Una volta pianificato tutto nei minimi dettagli e deciso il modello da adottare arriva il momento del trasferimento vero e proprio…
“La cosa più importante in questa fase è avere l’accortezza che tutto funzioni anche in base ai tempi (Big Bang o a ondate). Si gioca infatti sempre con tempi ristretti e per questo è necessario pianificare precedentemente ogni minimo dettaglio”.
Essendo il trasferimento di un data center un’incognita ed essendo i tempi molto ristretti è importante affidarsi a partner che hanno la giusta esperienza per pianificare il tutto al meglio evitando per quanto è possibile che alla riaccensione i sistemi non funzionino più. Rosenberger OSI propone queste tematiche con i suoi servizi di consulenza, che sono ora disponibili anche per le aziende italiane. Cosa fa Rosenberger in concreto e come è stata accolta in Italia la nuova veste della società?
“Il fatto che ora anche in Italia Rosenberger OSI si proponga come un vero e proprio consulente sulle tematiche del data center, non solo relativamente al cablaggio, è stato accolto con molto interesse e sono in attesa, man mano che partiremo concretamente, di feedback sempre più robusti.
Rosenberger OSI si differenzia così da chi si occupa di installazione dei cavi perché accanto a queste operazioni, che anche noi ovviamente continuiamo a fare, ora ci proponiamo come guida per il cliente fornendogli il supporto per tutte le sue esigenze di organizzazione o trasferimento di data center nell’ottica anche di un’ottimizzazione futura e un efficientamento delle risorse. È un valore aggiunto che solo noi portiamo tra tutti i player attivi nel cablaggio”.
Prevedete che con l’affermarsi del processo di digitalizzazione le aziende avranno sempre più necessità di trasferire i propri data center? È un mercato in espansione?
“Quello dei data center è un mercato in forte espansione: la necessità di avere data center sempre più idonei e performanti è alla base del processo di trasformazione digitale e questo vale sia per le piccole aziende sia per i grandi provider. Si tratta quindi di un mercato in forte crescita anche se in Italia ovviamente non c’è il dinamismo che possiamo trovare ad esempio a Londra, a Francoforte o a Parigi, che sono i principali hub europei”.

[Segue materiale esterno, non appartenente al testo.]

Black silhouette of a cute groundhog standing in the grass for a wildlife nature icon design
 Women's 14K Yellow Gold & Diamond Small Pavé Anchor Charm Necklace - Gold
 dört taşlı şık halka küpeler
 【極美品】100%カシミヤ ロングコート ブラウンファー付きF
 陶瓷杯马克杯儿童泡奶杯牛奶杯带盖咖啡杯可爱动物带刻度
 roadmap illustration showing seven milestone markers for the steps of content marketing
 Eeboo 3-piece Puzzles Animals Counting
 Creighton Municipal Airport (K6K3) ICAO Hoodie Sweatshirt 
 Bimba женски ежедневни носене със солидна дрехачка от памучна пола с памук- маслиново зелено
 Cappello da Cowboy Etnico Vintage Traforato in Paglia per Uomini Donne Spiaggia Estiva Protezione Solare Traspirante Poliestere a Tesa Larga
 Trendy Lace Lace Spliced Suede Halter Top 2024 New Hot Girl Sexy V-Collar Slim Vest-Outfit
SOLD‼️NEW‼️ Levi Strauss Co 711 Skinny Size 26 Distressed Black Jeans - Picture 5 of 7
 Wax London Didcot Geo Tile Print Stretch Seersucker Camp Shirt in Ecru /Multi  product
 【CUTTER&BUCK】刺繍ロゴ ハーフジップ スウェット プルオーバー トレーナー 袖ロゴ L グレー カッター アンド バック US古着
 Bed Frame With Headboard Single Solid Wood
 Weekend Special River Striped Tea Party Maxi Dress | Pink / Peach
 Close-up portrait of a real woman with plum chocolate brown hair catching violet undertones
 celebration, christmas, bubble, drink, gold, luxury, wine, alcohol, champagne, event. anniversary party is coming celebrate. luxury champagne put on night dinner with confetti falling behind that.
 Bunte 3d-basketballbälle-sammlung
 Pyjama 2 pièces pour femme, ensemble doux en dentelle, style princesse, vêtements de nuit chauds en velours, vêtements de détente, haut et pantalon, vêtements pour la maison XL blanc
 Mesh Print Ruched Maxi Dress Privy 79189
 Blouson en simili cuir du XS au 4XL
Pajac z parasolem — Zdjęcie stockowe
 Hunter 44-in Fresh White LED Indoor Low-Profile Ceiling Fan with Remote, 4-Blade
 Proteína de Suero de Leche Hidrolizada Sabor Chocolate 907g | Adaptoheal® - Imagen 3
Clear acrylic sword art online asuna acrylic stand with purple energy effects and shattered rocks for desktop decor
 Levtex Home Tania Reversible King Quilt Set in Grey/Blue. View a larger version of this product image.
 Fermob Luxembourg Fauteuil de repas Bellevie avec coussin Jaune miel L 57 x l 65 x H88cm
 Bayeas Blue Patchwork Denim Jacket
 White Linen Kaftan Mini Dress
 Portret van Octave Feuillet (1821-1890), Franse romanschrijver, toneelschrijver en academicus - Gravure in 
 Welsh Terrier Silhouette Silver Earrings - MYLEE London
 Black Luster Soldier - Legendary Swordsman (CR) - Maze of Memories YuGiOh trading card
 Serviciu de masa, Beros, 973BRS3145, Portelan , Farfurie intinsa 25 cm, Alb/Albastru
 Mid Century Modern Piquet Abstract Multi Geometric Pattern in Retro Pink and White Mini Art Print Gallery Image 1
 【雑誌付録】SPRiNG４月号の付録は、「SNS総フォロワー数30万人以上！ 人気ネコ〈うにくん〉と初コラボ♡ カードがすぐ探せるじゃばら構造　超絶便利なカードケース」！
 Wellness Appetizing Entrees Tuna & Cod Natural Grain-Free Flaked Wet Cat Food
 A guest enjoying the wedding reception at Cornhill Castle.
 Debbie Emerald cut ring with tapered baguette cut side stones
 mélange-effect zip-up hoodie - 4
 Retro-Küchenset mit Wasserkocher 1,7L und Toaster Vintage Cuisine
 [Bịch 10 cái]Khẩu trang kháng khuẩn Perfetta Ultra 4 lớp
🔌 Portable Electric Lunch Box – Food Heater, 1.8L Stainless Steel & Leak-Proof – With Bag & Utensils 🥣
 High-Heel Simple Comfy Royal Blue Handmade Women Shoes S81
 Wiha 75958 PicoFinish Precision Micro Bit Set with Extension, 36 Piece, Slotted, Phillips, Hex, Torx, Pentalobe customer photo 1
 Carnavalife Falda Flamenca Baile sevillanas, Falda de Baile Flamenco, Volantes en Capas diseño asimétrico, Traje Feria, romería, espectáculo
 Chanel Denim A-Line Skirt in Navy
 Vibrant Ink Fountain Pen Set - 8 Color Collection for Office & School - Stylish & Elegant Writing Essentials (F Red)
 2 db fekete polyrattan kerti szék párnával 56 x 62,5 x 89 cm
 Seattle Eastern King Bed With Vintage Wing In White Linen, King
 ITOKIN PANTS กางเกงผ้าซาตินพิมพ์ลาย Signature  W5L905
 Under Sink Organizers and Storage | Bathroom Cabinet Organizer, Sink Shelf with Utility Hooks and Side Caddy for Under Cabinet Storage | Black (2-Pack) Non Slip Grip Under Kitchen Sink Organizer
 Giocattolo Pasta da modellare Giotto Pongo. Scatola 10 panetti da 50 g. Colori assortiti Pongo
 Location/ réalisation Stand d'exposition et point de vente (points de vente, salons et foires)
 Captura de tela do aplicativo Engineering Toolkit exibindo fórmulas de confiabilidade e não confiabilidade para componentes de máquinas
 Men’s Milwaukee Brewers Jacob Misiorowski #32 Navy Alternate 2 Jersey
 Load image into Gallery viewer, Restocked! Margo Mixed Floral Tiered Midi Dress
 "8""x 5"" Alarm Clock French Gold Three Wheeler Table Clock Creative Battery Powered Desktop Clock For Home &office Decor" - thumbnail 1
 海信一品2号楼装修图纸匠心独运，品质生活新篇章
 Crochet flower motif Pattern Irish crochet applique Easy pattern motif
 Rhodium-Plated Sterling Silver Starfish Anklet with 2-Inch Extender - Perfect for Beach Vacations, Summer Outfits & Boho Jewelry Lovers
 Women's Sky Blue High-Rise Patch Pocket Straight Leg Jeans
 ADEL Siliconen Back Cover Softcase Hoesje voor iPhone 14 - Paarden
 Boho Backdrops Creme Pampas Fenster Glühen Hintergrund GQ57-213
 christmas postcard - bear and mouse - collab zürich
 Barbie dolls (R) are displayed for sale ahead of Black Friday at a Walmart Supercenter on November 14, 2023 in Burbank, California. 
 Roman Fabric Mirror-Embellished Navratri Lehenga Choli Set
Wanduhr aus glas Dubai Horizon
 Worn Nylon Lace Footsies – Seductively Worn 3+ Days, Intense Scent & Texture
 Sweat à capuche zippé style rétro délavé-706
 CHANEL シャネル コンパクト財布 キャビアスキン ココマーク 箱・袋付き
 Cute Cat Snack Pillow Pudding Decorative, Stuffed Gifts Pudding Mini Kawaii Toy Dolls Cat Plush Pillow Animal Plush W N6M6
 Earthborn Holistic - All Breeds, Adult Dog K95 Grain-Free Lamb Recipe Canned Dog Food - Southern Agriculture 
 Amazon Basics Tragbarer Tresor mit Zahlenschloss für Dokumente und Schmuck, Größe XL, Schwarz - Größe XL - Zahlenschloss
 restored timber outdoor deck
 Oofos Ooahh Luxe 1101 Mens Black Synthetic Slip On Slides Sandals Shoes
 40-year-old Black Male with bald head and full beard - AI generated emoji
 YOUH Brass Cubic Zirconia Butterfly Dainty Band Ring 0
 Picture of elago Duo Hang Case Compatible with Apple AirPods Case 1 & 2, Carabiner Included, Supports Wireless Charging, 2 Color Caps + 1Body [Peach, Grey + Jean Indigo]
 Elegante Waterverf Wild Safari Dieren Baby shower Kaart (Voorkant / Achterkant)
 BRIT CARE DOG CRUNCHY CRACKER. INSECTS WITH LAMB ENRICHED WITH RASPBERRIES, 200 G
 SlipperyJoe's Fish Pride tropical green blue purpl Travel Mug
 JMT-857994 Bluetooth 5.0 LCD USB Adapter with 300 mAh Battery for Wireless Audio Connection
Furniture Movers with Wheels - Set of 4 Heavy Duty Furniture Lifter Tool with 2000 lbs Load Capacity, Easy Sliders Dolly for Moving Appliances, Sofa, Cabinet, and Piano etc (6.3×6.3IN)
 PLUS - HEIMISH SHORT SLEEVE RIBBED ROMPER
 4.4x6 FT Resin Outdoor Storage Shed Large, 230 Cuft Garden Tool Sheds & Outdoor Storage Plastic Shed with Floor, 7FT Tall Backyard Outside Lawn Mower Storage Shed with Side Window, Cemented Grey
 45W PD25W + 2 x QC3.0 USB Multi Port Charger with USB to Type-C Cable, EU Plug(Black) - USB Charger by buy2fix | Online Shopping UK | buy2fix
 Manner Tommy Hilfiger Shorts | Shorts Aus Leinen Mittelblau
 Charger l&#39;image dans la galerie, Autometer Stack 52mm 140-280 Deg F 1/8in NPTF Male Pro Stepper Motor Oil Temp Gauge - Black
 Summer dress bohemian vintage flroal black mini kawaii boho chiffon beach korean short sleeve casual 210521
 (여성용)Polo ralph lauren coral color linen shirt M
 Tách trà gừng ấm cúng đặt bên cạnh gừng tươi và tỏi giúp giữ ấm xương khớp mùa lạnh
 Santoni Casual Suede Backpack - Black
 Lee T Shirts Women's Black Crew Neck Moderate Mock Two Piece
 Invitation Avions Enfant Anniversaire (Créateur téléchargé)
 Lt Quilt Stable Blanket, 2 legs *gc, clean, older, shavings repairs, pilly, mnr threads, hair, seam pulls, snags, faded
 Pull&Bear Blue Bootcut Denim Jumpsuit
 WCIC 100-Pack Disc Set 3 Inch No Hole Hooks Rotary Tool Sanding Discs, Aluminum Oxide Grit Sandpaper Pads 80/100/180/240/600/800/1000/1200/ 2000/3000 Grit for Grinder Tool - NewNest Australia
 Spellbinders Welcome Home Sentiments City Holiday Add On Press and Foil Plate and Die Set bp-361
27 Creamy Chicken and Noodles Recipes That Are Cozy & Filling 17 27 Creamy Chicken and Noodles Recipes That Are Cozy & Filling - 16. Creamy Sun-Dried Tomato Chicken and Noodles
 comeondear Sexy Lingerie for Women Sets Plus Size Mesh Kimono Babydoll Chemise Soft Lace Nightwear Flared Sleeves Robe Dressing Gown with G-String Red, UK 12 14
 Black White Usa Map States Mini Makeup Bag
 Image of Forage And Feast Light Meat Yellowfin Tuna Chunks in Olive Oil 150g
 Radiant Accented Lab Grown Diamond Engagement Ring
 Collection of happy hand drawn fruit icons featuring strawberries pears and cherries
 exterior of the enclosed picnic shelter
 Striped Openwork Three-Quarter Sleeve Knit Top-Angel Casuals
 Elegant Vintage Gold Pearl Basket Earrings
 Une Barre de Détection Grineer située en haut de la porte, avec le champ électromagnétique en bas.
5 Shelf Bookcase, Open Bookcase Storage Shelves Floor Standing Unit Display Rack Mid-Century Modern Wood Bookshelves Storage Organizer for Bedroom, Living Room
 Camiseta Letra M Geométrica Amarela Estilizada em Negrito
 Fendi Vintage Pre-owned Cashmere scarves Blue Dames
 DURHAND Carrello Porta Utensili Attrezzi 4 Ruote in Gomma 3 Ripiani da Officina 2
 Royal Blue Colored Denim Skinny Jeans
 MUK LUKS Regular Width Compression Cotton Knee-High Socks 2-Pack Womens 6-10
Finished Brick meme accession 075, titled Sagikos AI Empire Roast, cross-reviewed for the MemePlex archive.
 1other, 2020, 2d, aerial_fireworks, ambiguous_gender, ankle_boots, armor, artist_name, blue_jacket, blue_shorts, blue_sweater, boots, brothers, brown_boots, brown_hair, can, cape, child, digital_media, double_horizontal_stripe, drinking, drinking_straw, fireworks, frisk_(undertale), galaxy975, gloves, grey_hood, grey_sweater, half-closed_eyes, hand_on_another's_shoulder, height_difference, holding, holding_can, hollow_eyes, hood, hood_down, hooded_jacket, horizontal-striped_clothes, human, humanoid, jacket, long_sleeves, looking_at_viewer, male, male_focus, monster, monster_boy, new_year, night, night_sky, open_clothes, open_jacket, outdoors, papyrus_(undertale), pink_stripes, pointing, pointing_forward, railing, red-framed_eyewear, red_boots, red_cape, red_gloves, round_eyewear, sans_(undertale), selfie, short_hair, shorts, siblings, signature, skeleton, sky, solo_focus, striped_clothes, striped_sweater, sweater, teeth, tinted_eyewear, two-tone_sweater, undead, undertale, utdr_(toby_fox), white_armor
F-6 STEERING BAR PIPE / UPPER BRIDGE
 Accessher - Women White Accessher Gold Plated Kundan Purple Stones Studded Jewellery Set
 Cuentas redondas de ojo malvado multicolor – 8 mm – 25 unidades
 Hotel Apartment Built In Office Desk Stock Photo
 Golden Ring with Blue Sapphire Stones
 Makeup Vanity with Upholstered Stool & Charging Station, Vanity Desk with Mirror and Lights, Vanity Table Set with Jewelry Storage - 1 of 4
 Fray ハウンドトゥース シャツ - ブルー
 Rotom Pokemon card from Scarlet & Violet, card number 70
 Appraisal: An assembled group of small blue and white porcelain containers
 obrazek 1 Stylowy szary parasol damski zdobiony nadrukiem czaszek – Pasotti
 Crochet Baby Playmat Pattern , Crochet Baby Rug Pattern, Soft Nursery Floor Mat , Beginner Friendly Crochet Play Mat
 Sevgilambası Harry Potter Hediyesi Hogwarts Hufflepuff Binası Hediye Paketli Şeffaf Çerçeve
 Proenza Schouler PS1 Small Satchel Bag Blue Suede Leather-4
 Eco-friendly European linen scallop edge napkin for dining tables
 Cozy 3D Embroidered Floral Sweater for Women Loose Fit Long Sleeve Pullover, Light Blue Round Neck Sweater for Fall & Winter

Come mai l’Italia si trova spesso in una posizione di fanalino di coda rispetto agli altri Paesi europei?
“Il nostro Paese ha un tessuto imprenditoriale unico e peculiare perché la maggior parte delle aziende italiane sono piccole o addirittura micro-imprese dove vige ancora la legge del prezzo più basso.
Mentre altrove la spesa per il cablaggio viene vista come un investimento per migliorare i processi e avere più margine, in Italia questa mentalità tarda ancora ad affermarsi. Un po’ come avviene, ad esempio, anche per le tematiche relative alla cybersecurity.
Altro elemento importante è che in Italia manca anche l’effetto trainante del Governo perché se negli altri Paesi la PA è la prima ad investire trascinando i privati, in Italia manca ancora un po’ questa sensibilità, anche se sono sicuro che nel corso del tempo ci si arriverà”.